Your goal:
Reproduce, from the lines below, exactly the stretch that begins at the line containing "北京仓｜CouCou Suzette-YELLOW BUTTERFLY-黄色蝴蝶" and ends at the line containing "Arctic Bettdecke 135x200", both included.

Dataset entries:
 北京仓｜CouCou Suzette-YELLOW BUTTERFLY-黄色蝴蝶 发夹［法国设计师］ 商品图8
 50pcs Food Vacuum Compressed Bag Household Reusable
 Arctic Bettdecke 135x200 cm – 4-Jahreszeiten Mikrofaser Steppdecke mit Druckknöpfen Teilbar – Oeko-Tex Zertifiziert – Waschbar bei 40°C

* * *

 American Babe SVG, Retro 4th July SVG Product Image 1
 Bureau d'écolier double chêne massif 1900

Solution for this exercise:
 北京仓｜CouCou Suzette-YELLOW BUTTERFLY-黄色蝴蝶 发夹［法国设计师］ 商品图8
 50pcs Food Vacuum Compressed Bag Household Reusable
 Arctic Bettdecke 135x200 cm – 4-Jahreszeiten Mikrofaser Steppdecke mit Druckknöpfen Teilbar – Oeko-Tex Zertifiziert – Waschbar bei 40°C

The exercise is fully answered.